My mother was born and raised in Mozambique but moved to South Africa in 1992, three years before I was born. I grew up hearing her nostalgic stories about what life was like growing up in Mozambique. The stories were often exciting, but they had undertones of sadness and a longing for the world that my mother had chosen to give up. When my mother migrated to South Africa, she had to take on a new identity as she decided that it would be best to blend in with other South Africans. She in turn raised me as an isiZulu speaking South African because it was the closest language to her native language, Chopi. She did this so that I would fit into the South African black community because of her fear of xenophobia and the need to give me a sense of belonging.
My collages allow me to merge my photographs that were taken in South Africa with those of my Mozambican relatives and to create haunting, hybridized composites. I also combine photographic cut-outs with the details of the only physical object I have from my childhood – a cloth known as a capulana. These richly patterned fabrics are typically worn by Mozambican women as wrappers and used to carry children. They were often gifted to me by my grandmother and aunts during my occasional visits to Mozambique.

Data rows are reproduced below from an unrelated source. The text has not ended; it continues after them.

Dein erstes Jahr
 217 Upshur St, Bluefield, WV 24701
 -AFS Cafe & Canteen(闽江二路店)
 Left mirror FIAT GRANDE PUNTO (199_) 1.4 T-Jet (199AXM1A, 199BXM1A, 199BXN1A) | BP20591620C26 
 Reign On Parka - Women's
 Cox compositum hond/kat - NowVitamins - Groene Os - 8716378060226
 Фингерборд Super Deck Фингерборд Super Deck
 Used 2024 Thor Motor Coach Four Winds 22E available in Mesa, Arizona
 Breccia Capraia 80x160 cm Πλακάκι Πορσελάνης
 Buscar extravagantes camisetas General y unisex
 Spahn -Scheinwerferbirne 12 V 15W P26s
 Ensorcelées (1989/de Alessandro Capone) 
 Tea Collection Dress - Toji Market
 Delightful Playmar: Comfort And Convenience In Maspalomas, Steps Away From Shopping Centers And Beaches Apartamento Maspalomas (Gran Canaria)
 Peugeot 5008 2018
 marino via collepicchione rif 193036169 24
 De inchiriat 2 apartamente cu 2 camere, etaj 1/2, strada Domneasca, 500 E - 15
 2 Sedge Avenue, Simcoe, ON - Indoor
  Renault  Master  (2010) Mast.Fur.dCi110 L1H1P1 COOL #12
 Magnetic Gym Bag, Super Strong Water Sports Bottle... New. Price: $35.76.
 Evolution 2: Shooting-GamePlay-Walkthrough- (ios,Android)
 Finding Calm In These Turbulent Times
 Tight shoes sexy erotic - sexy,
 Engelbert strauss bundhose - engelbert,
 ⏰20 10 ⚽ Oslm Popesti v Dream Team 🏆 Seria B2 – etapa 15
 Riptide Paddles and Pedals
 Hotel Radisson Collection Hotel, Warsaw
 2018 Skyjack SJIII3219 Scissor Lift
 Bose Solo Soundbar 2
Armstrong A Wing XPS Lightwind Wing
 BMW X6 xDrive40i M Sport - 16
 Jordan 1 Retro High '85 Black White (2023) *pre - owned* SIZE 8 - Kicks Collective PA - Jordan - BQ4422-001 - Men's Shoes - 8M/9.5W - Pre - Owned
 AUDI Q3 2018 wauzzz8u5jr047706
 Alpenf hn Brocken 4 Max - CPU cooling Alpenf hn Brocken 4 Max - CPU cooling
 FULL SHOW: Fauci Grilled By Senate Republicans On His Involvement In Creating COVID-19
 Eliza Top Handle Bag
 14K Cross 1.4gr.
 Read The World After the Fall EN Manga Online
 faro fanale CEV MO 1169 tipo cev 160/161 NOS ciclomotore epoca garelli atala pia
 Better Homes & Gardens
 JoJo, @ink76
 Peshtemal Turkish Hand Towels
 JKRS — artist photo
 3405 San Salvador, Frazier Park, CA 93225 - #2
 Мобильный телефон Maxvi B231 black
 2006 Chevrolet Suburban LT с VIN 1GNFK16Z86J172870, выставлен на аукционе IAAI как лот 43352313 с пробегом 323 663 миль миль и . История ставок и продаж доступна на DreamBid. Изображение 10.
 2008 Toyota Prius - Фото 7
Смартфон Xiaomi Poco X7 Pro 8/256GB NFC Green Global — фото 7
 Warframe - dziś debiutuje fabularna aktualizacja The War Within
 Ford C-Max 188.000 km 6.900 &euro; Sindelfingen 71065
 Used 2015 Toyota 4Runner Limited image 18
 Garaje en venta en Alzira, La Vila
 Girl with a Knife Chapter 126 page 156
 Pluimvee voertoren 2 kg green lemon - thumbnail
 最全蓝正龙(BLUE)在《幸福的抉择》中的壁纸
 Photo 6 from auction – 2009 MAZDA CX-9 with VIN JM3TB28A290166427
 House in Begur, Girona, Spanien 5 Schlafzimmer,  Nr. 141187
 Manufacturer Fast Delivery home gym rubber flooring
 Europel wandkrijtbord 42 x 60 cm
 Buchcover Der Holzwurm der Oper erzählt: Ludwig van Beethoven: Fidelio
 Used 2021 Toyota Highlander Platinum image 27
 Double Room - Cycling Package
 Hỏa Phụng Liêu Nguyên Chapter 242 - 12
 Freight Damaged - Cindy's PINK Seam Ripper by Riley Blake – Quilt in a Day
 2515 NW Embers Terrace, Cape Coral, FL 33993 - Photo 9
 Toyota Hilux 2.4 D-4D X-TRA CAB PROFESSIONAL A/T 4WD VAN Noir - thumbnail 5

Given the difficulties that we face in terms oral and written communication, my collages become a means of telling stories about my origins and what is in some sense an alternative “home” culture, albeit one I mostly experienced indirectly. My work also creates room for an emotional reckoning, enabling me to share my mother’s sense of loss of her birthplace and markers of her Chopi identity. I also grapple with my parallel sense of displacement. Through imagining new memories for myself, the collages help me identify with what could have been – my mother’s country of origin and the childhood I might have experienced there. By such means I reintroduce myself to a childhood that was severed, broaching a sense belonging and grappling with the question, ‘who am I if I cannot prove who I was?’